Paramount Skydance’s $110B takeover of Warner Bros. Discovery faces UK scrutiny
The deal cleared US antitrust review but now faces potential intervention from the UK government over media ownership concerns
The biggest media merger in a generation just hit a speed bump across the Atlantic. Paramount Skydance’s $110 billion takeover of Warner Bros. Discovery, which sailed through an eight-month US Department of Justice antitrust review, is now staring down potential intervention from the UK government over concerns about media ownership concentration.
UK Culture Secretary Lisa Nandy has signaled the deal could be referred to the Competition and Markets Authority for deeper investigation. The CMA has advanced to phase 3 diligence, with scrutiny due by August 7, 2026. For a transaction that seemed to be cruising toward a Q3 2026 close, this is the kind of complication that makes deal lawyers reach for the coffee pot.
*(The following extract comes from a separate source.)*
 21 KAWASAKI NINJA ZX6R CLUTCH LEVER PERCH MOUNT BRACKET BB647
What the deal actually looks like
Announced on February 27, 2026, the acquisition values Warner Bros. Discovery at $81 billion in equity and $110 billion in enterprise value. That works out to $31 per share for WBD stockholders, priced at roughly 7.5 times fully synergized 2026 EBITDA.
The deal’s backstory traces to Skydance Media’s earlier acquisition of Paramount Global in 2025, a transaction valued at around $8 billion that installed David Ellison as chairman and CEO of the combined Paramount Skydance entity.
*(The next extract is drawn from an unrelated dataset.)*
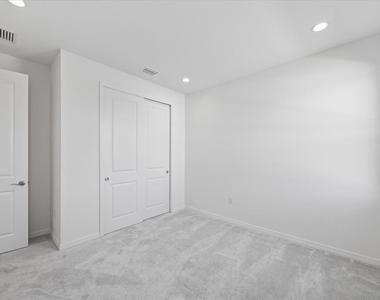 16397 Preservation Boulevard - Photo Thumbnail 11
WBD shareholders approved the merger in April 2026. The DOJ gave its blessing in late June 2026, concluding after extensive review that the deal was unlikely to significantly harm competition.
Why the UK matters
The UK’s interest in this deal isn’t random. Warner Bros. Discovery operates significant media properties with global reach, including CNN and HBO. The CMA’s intervention framework gives it broad authority to examine whether a merger might reduce competition or consolidate too much influence over public discourse.
The UK isn’t the only potential hurdle remaining. The deal could also prompt scrutiny from EU regulatory bodies, and US state attorneys general retain the ability to mount their own legal challenges independent of the DOJ’s decision.
The competitive landscape that forced this play
WBD had originally explored plans to separate into distinct streaming and studio businesses. That plan was shelved when Paramount Skydance came calling with its offer, and reportedly other major players including Netflix had also expressed interest in various configurations.
What this means for investors
The DOJ clearance was the single biggest regulatory milestone for this transaction. US regulators looked at this for eight months and decided it wouldn’t meaningfully harm competition. The August 7 diligence deadline is the next date to circle on the calendar.
It’s also worth noting what this deal doesn’t include: any crypto or digital asset component, signaling that the biggest players in entertainment still see their future in content and distribution scale.